Etimologia : dal latino  equinus / der. di equus “cavallo” /  +  varus  "storto in dentro".
Deformità del piede che nel suo atteggiamento combina all’equinismo la rotazione della punta verso l’interno, propria del varismo.
Si può osservare in pazienti spastici (a seguito di paralisi cerebrale infantile, ictus cerebrale, ecc.) come conseguenza della modificazione del tono muscolare.
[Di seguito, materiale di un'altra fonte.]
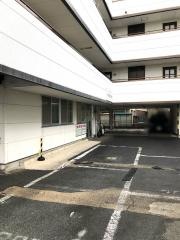 中央整体院
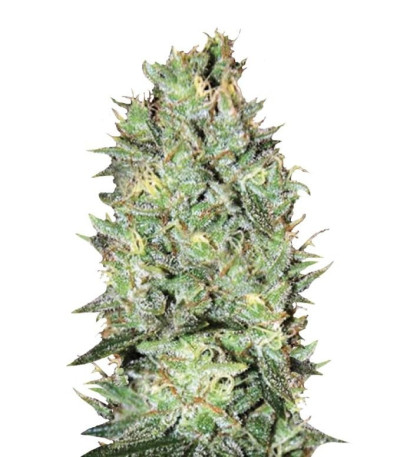 Семена сорта Amnesia Platinum fem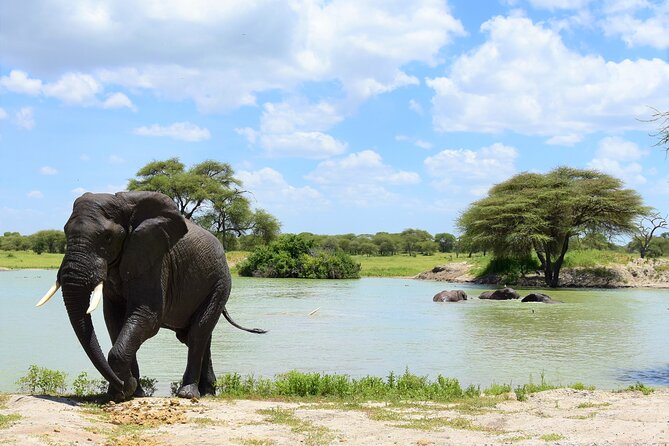 2 Days Safari Through Tarangire NP and Lake Manyara NP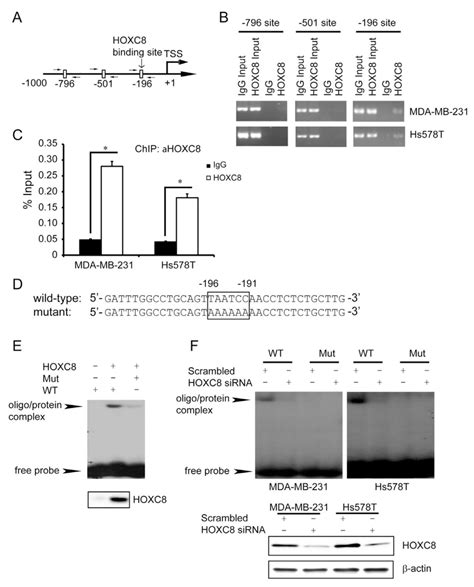 HOXC8 Binds Directly To CDH11 Promoter In Vivo And In Vitro A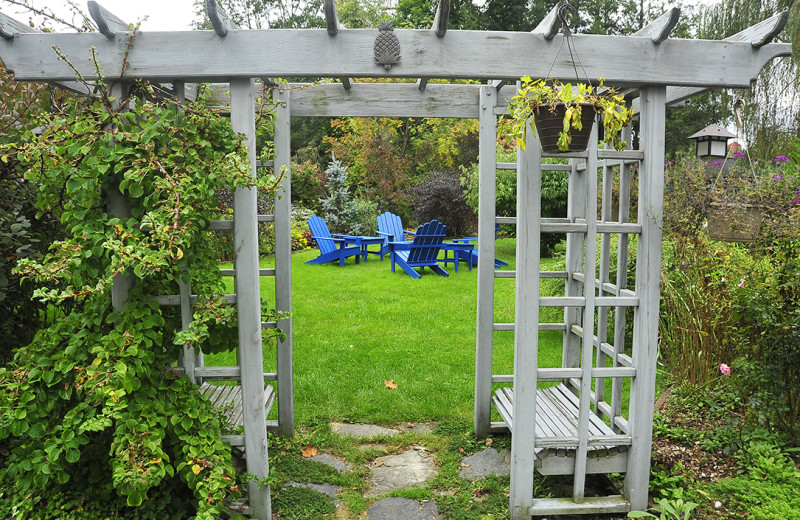 Garden view at Maple Terrace Motel.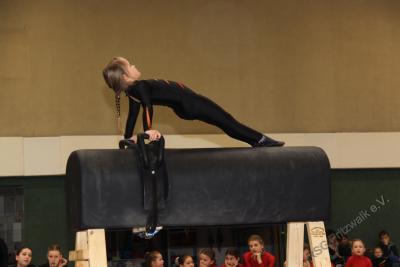 Foto des Albums: Holzpferdturnier 2015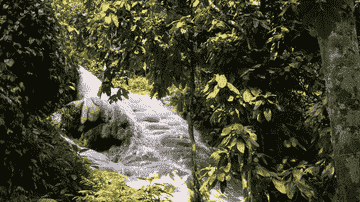 climb-unique-sticky-waterfall-in-chiang-mai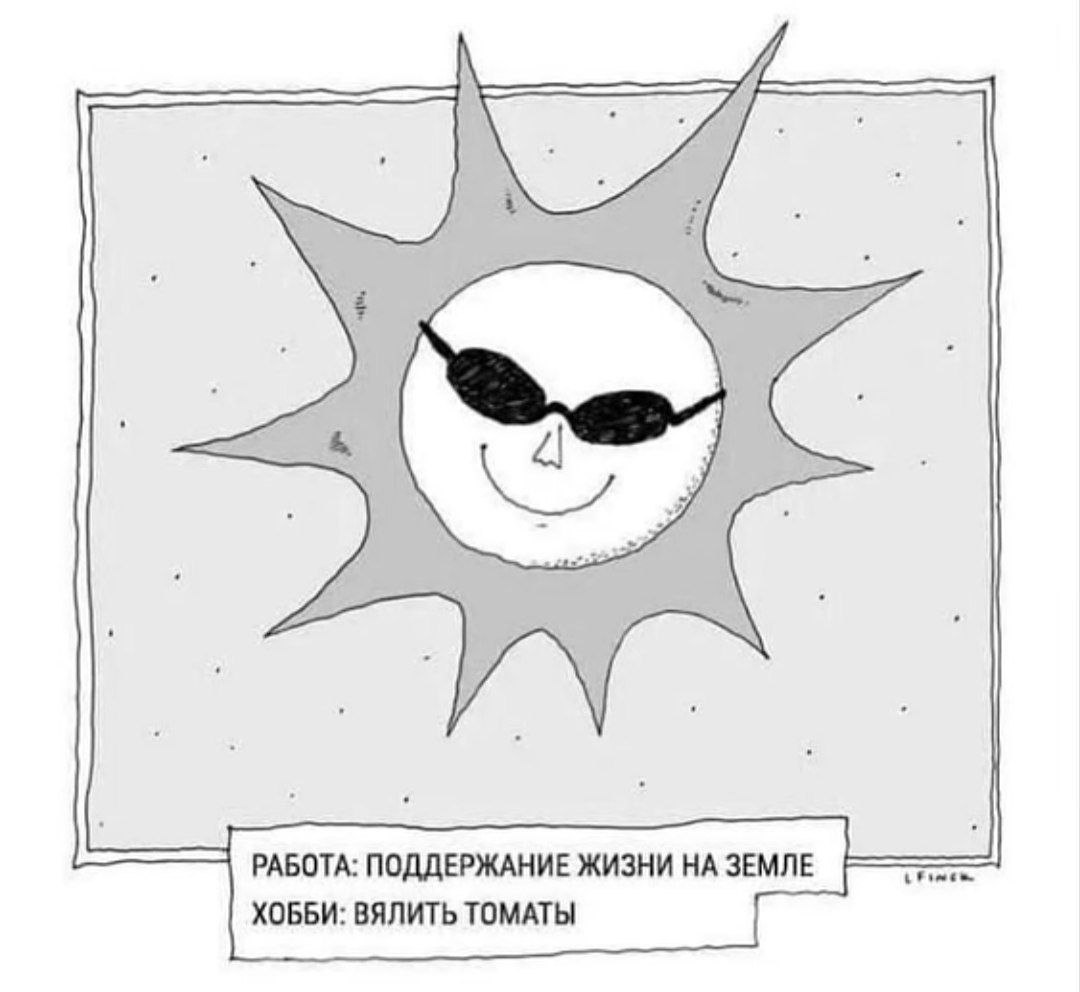 РАБОТА: ПОДДЕРЖАНИЕ ЖИЗНИ ЗЕМЛЕ ХОББИ: ВЯЛИТЬ ТОМАТЫ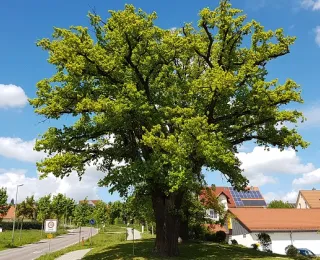 Baum in der Mitte, im Hintergrund Häuser und eine Straße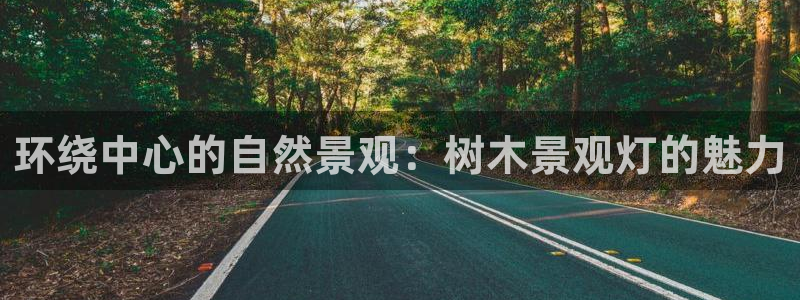 天顺娱乐及33300j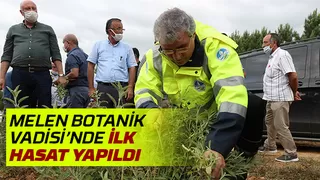 Melen Botanik Vadisi’nde ilk hasat yapıldı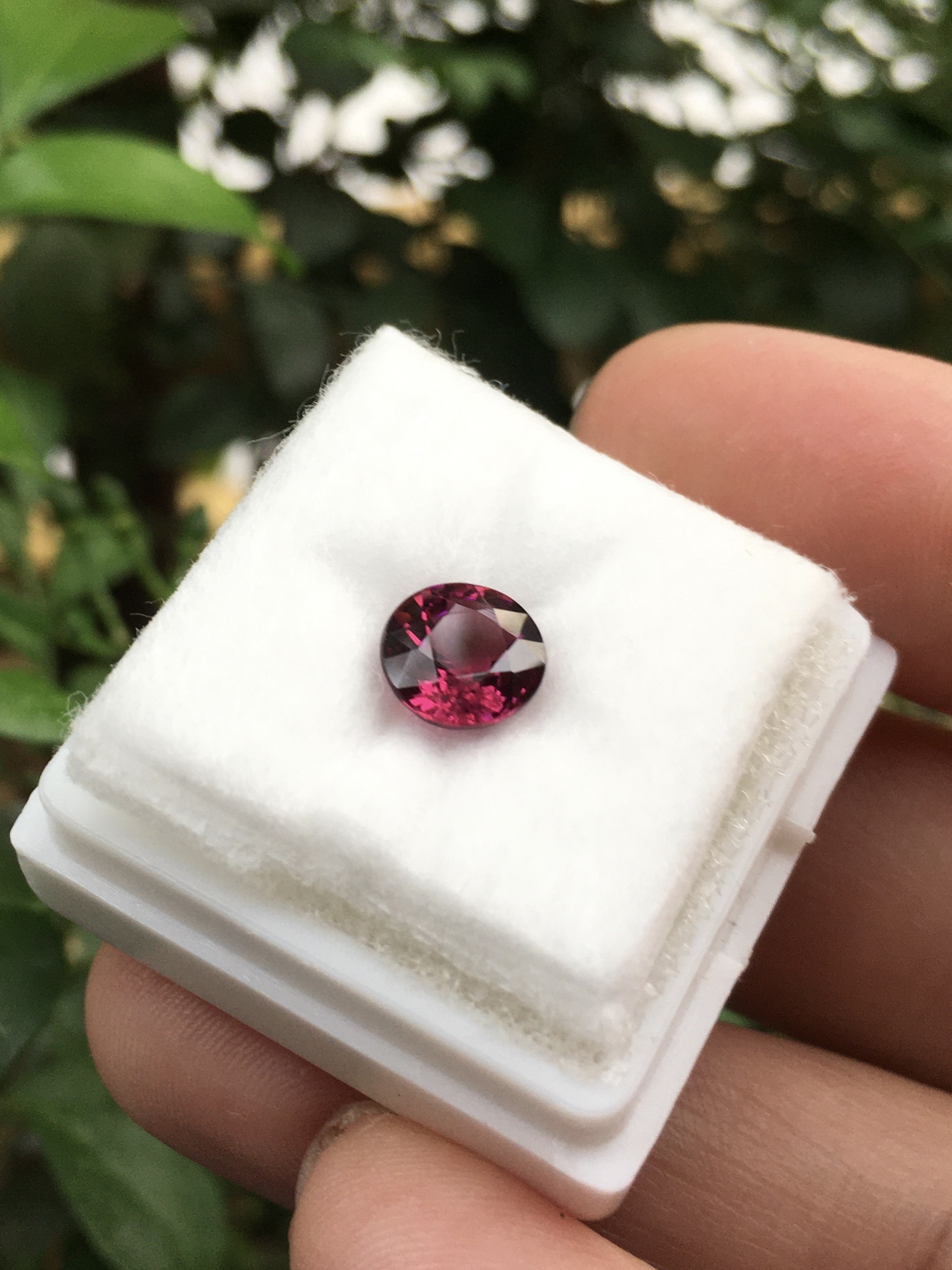 RHODOLITE โรโดไลท์ แท้ 1.61 กะรัต พลอยดิบสีม่วงจัด สวยลึก มีเสน่ห์มากๆค่ะ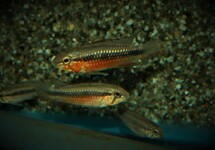 DWARF CICHLID ELIZABETHAE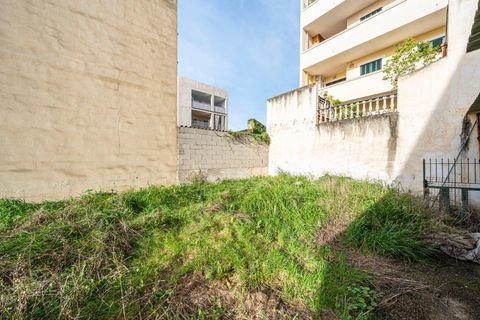 Terra a Lloseta, Mallorca, Lloseta - € 199.999 | Ref: 04SBDL356/3010 - foto 10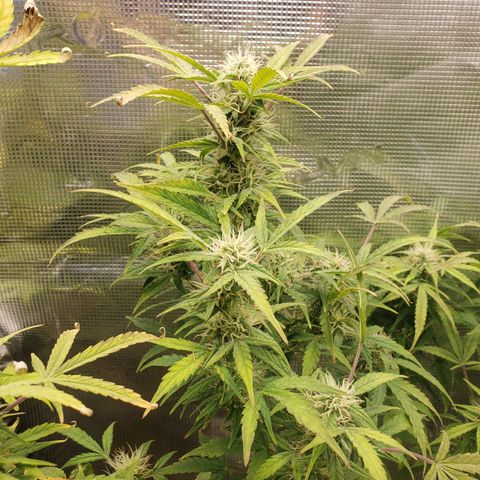Geloctane  growlog photo: Building my own soil these stalks are huge using Nutrient mix they are very small 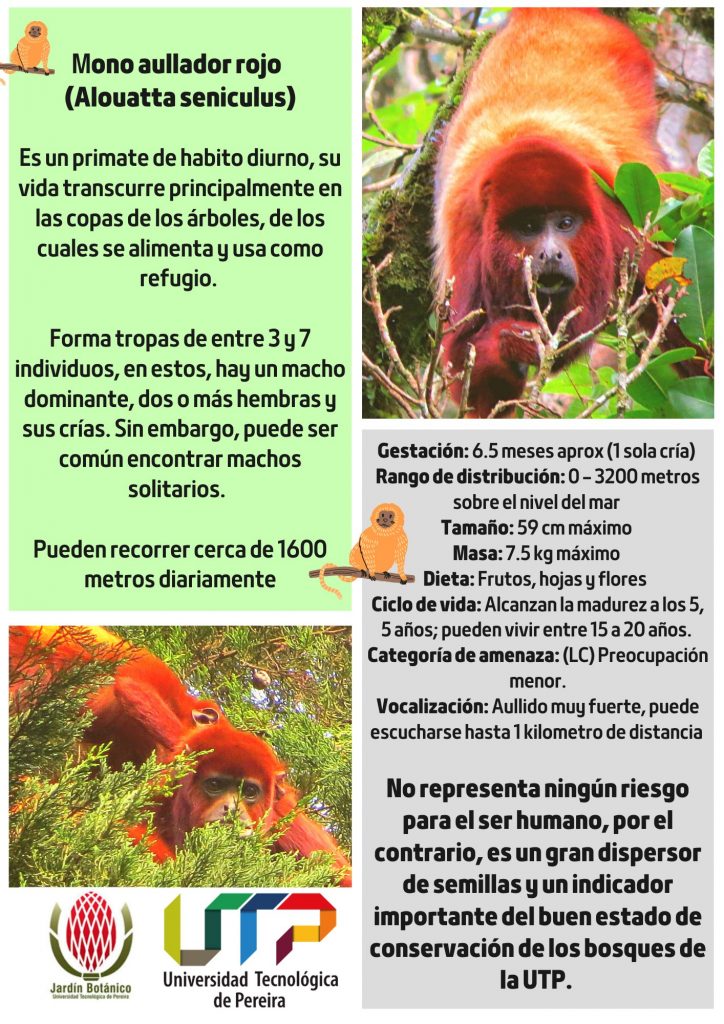 Mono Aullador Rojo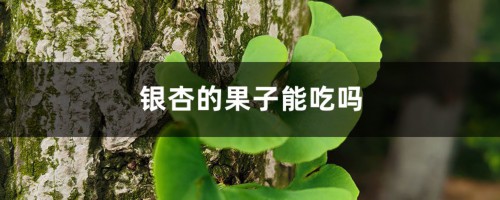 银杏的果子能吃吗，怎么吃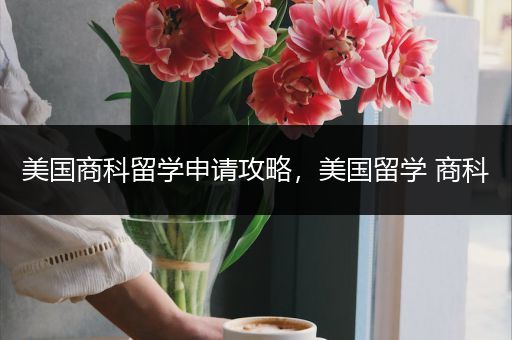 美国商科留学申请攻略，美国留学 商科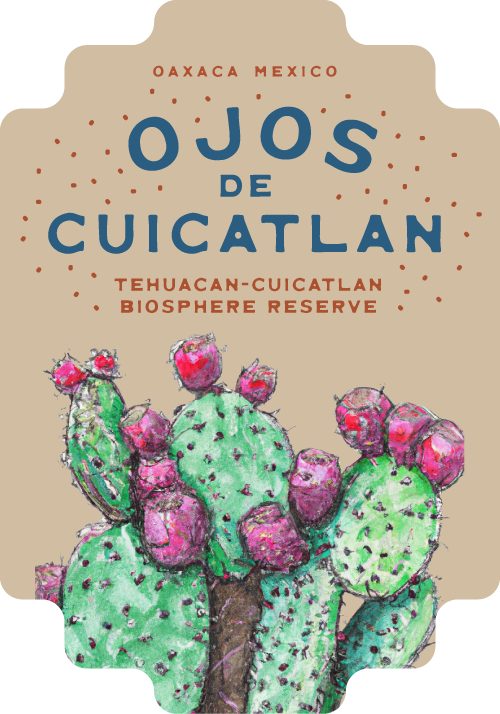 Oaxaca Bikepacking Routes, Ojos de Cuicatlan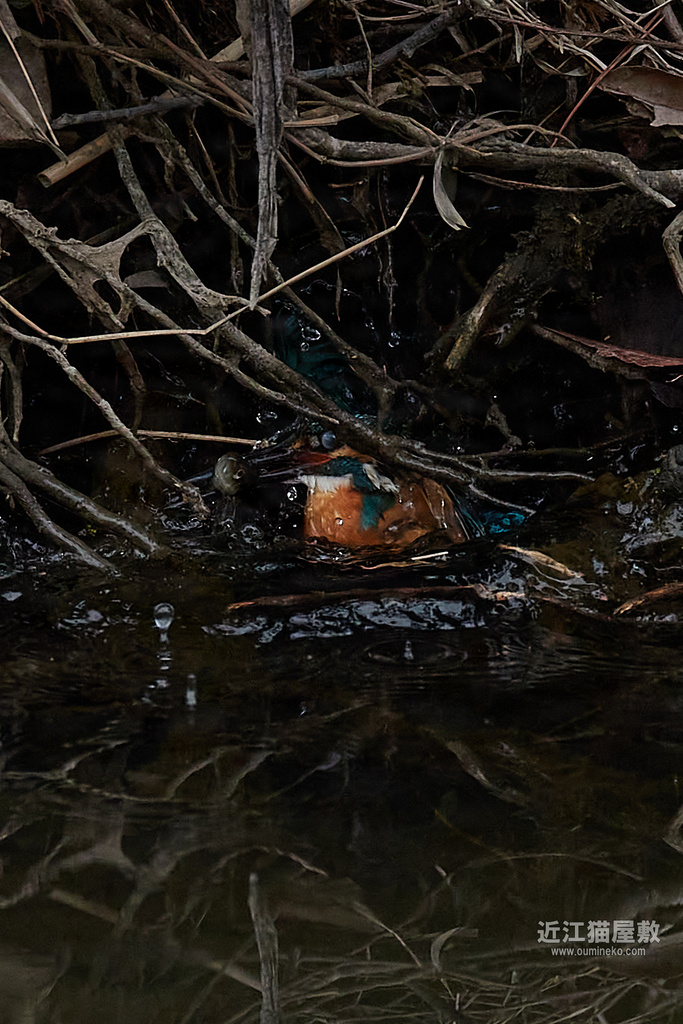 EOS-1D X mark IIIで野鳥撮影 カワセミ、ヒヨドリ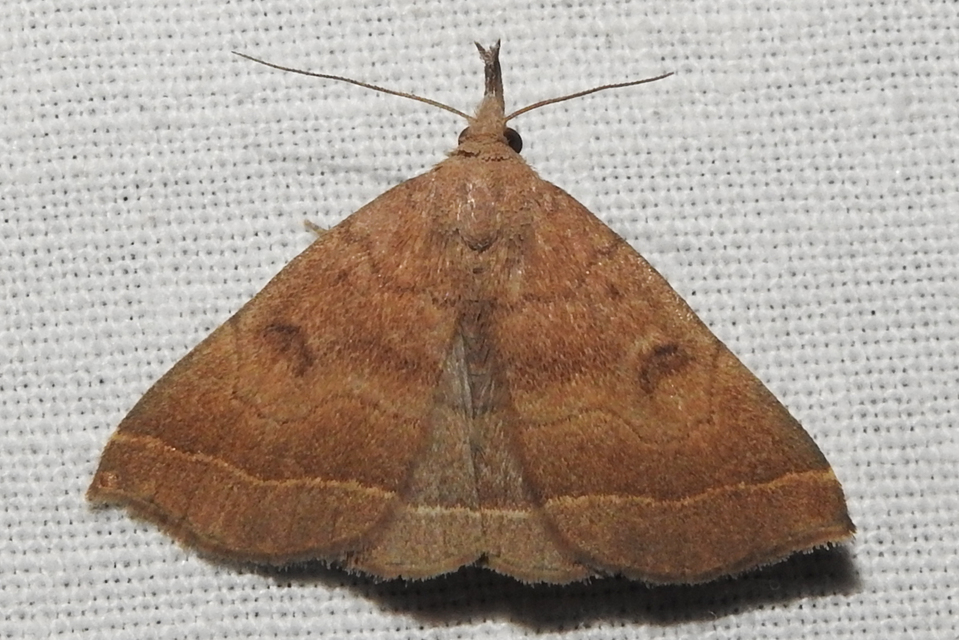 Pechipogo plumigeralis - tollascsápú karcsúbagoly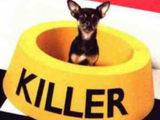 Der Killer bei dir Zuhause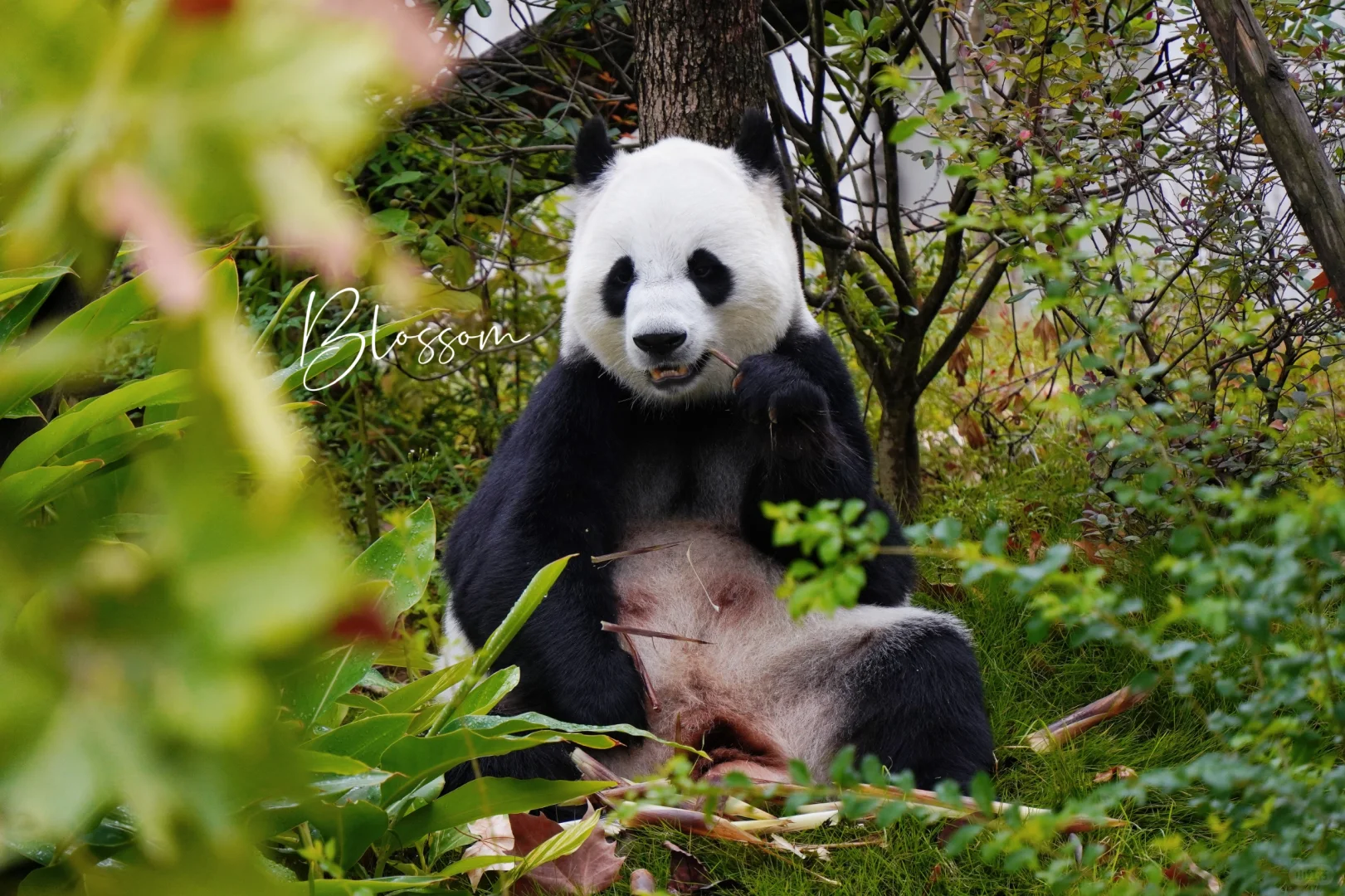 241005 小白袜妹妹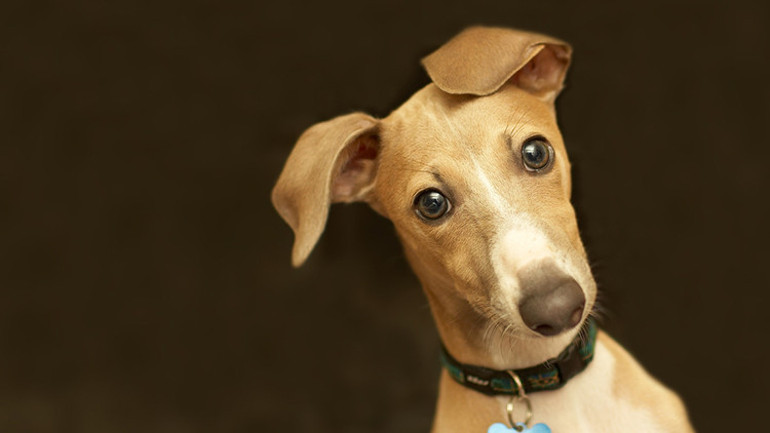 Maymun çiçeği hastalığı ilk kez bir evcil hayvana bulaştı Mutasyon endişesi...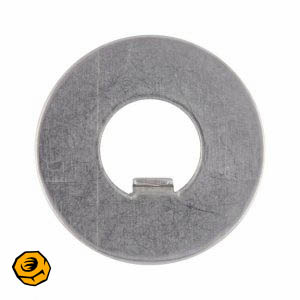 INTERNAL TAB WASHERS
L’ipertonia può rivelarsi, infatti, responsabile della fissazione di segmenti corporei in posizioni patologiche, facilitando nel tempo l’insorgenza di contratture muscolari e di vizi articolari tra cui, appunto, l’equinovarismo. In particolare, i muscoli coinvolti possono essere : tibiale posteriore, tibiale anteriore, flessore lungo delle dita, estensore lungo dell'alluce, soleo e gastrocnemio.
All’equinovarismo possono essere associati, quali problemi concomitanti, l’anca intraruotata, l’iperestensione del ginocchio ed una clearance alterata. Quali problemi direttamente a carico del piede, si possono notare, a seguito dell’innaturale contatto iniziale sull’avampiede e dell’appoggio sul bordo laterale del piede: una deformità in flessione delle dita, una callosità dolorosa sul bordo laterale (V° metatarso) e l’instabilità della caviglia.
I sintomi riportati dal paziente possono comprendere dolore, conflitto con la calzatura o l’ortesi, la compromissione del cammino soprattutto con una spinta insufficiente e con una componente di instabilità posturale.